ミャンマーで国軍によるクーデターが起こった。通常、海外でこうした非常事態が起きれば日系企業は、まず駐在員の安否、そして工場・営業所の稼働状況などの確認を行うが、今回は通信環境の不安定もあり、現状把握まで時間を要した企業が多い。
予兆はあった。昨年の総選挙では、アウン・サン・スー・チー国家顧問が率いる与党が躍進したのに対し、国軍系の野党は議席を減らした。つい先ごろには国軍への抗議のために国境警備隊幹部らが大量辞任するなど、異例のニュースも入ってきた。想像以上に緊張が高まっていたのだろう。
かつて、ミャンマーはイギリスの植民地だった。第2次世界大戦でイギリスと戦端を開いた日本は、独立を支援するという名目でミャンマーに進攻した。その前には、現地の人々に武器を供給し軍事訓練まで行った。訓練を受けたのが国軍の祖とされる有名な「30人の志士」。そのリーダー格がアウン・サン将軍であり、スー・チー氏の父親である。
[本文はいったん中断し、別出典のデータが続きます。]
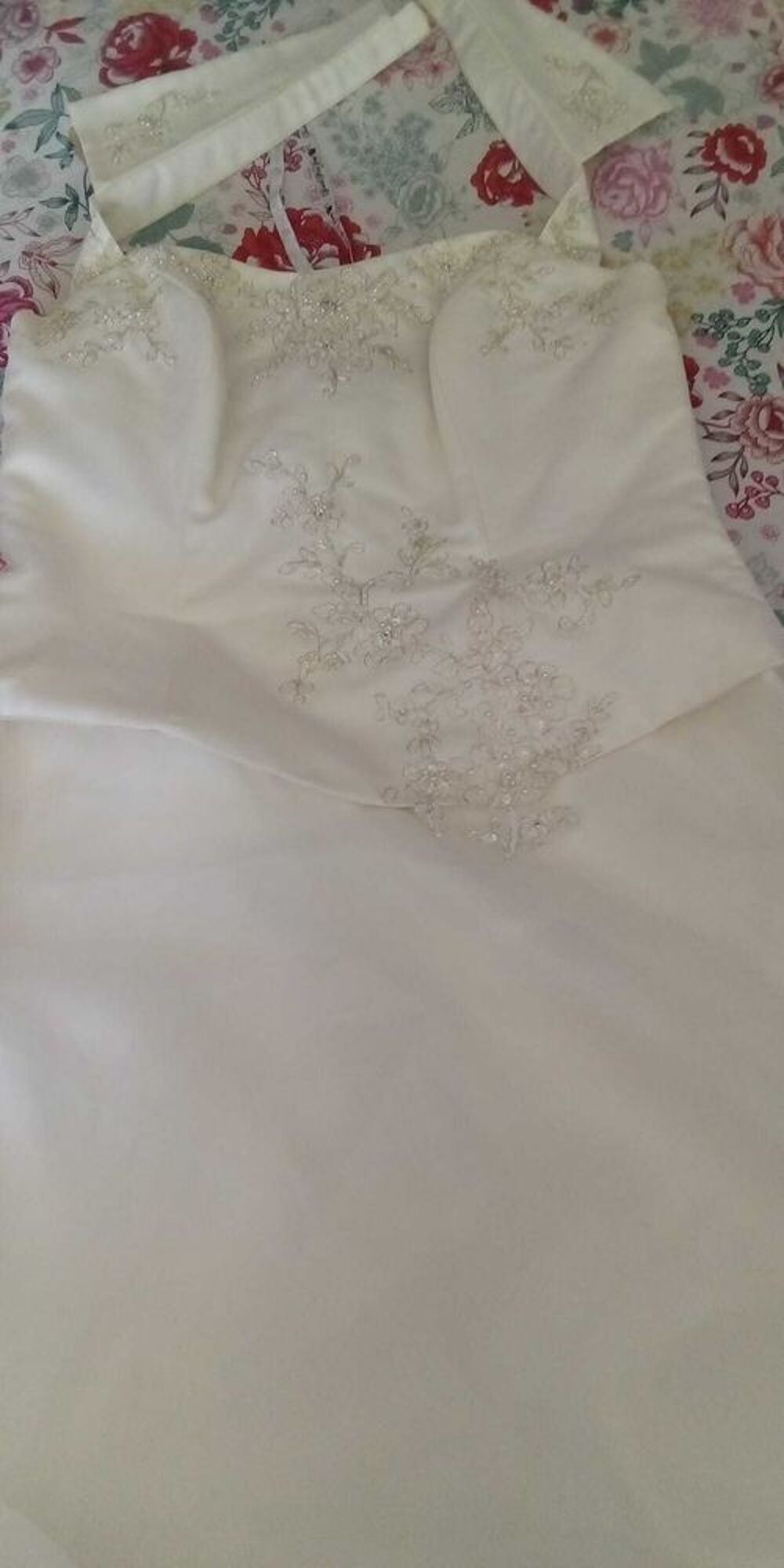 robe de mari&eacute;e Vêtements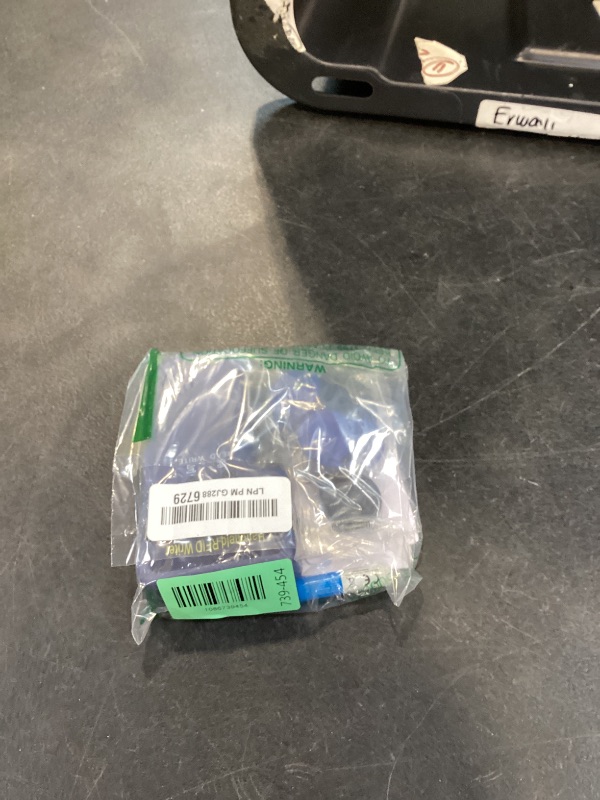Photo 1 of 125kHz Handheld RFID Reader and Writer, Portable ID Card Copier Device for T5577/EM4305 Includes 6 Blank Key Fobs & 5 writable Cards for Duplicating Access Cards, Parking Permits(Battery Not Included)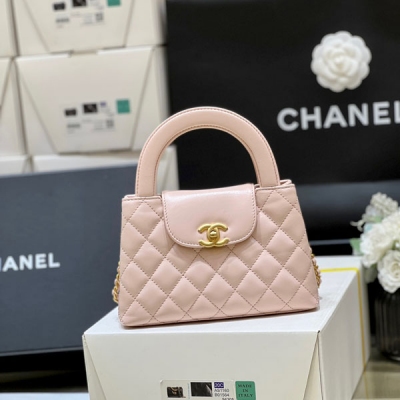 Chanel香奈兒 2023K 秋冬系列 超火爆Kelly包 眾所期待的23k Kelly包來啦 專櫃都買不到，全部要溢價 看到實物才知道物有所值 真的太經典太好看了！包包實際不大，上身很好搭配！實用性極高！一定要買 原廠正品bodin 復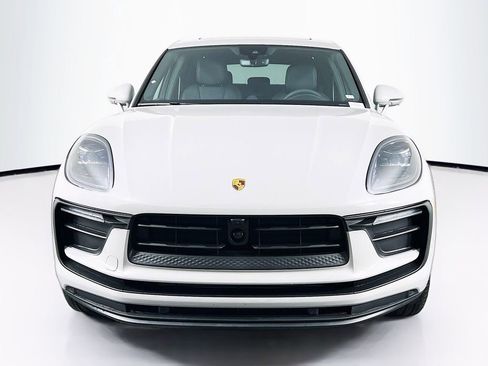 New 2026 Porsche Macan image 6
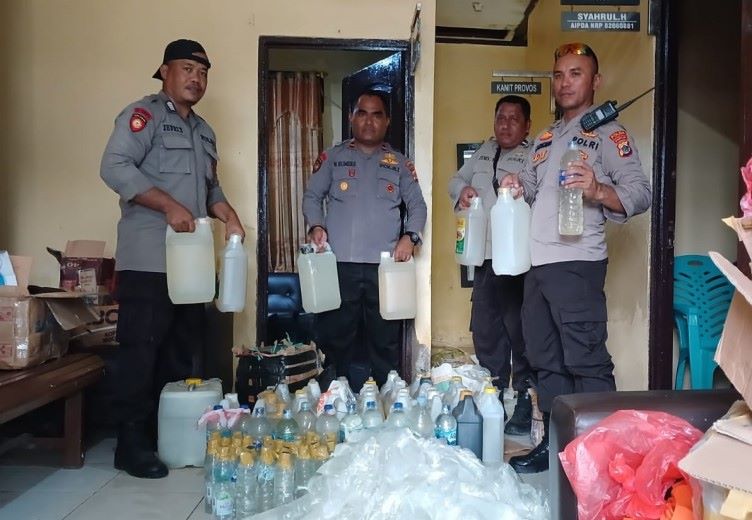 Polisi Amankan Ratusan Liter Miras Tanpa Pemilik Di Pelabuhan Poumako Timika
過去の軍事政権時代も、日本は対話の窓口を閉ざさず、経済支援を継続しながら他国と一線を画した外交を行ってきた。アウン・サン将軍亡き後もかつての国軍幹部と日本との人的関係が水面下で続いた。対話を通じて、欧米諸国とは違う解決法を見いだせないか。力に頼らない穏やかな解決を祈りたい。